Finch Field has been the home of Thomasville baseball since 1937, when the Thomasville Chairmakers posted a 63-48 record in the Class D Carolina State League, Since then, the ballpark has hosted teams in the North Carolina State League and the Carolina League, where current Florida skipper Jack McKeon won a championship in 1968. Today, Finch Field is home to the Thomasville HiToms of the college wood-bat Coastal Plain League.
The ballpark’s grandstand was completely redone for the 2006 season, and it’s an amazing transformation. To be honest, the old ballpark wasn’t that great: it was small and limited, with tiny concession areas in the back. You needed to be a hardcore baseball fan to take in a full season of HiToms games, even with a short CPL schedule. But with the addition of a new grandstand and concession/restroom building, Finch Field is one of the nicest facilities in summer-collegiate baseball.

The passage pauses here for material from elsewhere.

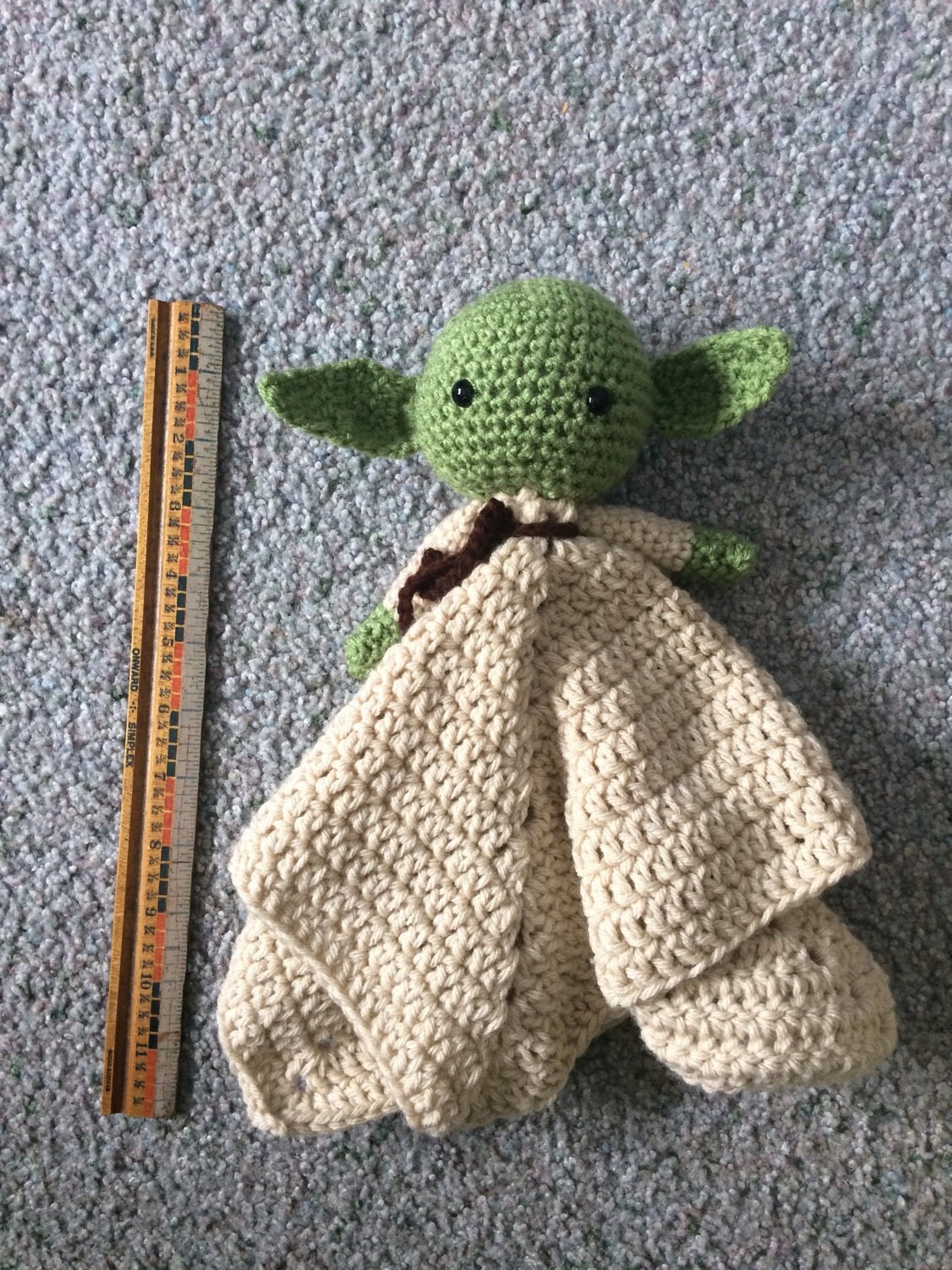 Yoda crochet Lovey Security Blanket Star Wars Blanket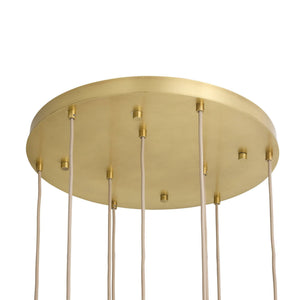 Arteriors - DSC15 - Nine Light Chandelier - Javier - Champagne/Antique Brass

The new metal grandstand features four rows of theater-style seats and right rows of aluminum backed bleachers. Most important, the grandstand is covered, so even at a late-afternoon game the fans are covered from the hot sun or cool rain. Shade at a ballpark is a treasured commodity in the Carolinas, and the designers of the new grandstand were smart to include cover here.
The ambiance at Finch Field was considerably improved with the addition of a brick wall stretching down each line.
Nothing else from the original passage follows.